> _EXCERPTED RECORDS_:
====
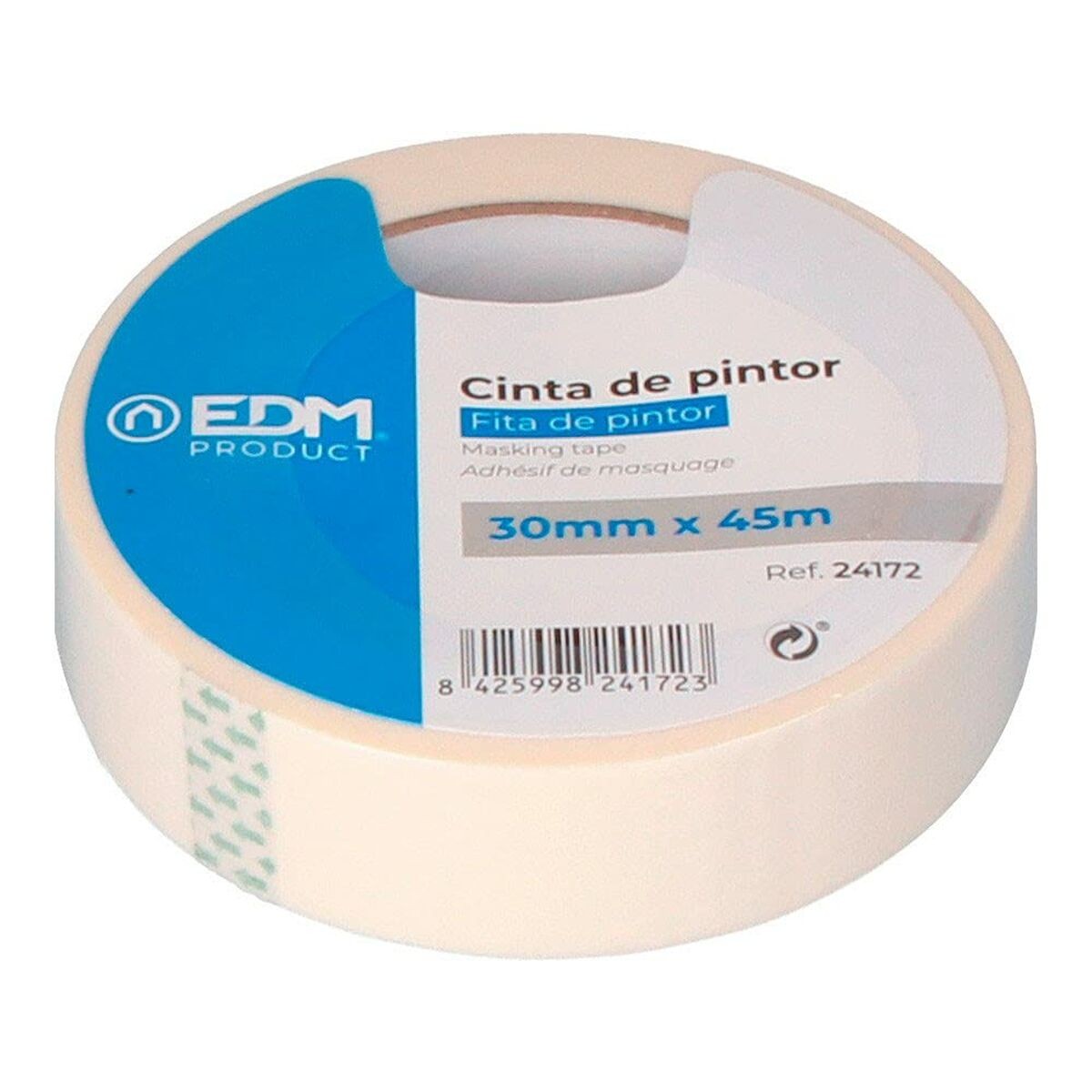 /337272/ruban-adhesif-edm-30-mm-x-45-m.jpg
====
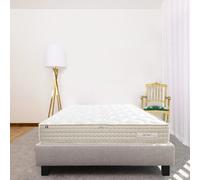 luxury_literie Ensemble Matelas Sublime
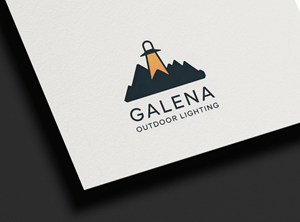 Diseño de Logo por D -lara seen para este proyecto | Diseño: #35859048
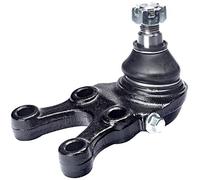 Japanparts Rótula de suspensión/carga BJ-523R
====
> _WORK ITEM_: Using the entries above, transcribe every line from the line containing "luxury_literie Ensemble Matelas Sublime" through the line containing "Japanparts Rótula de". Do not copy pictures.

> _OUTPUT_:
 luxury_literie Ensemble Matelas Sublime
 Diseño de Logo por D -lara seen para este proyecto | Diseño: #35859048
 Japanparts Rótula de suspensión/carga BJ-523R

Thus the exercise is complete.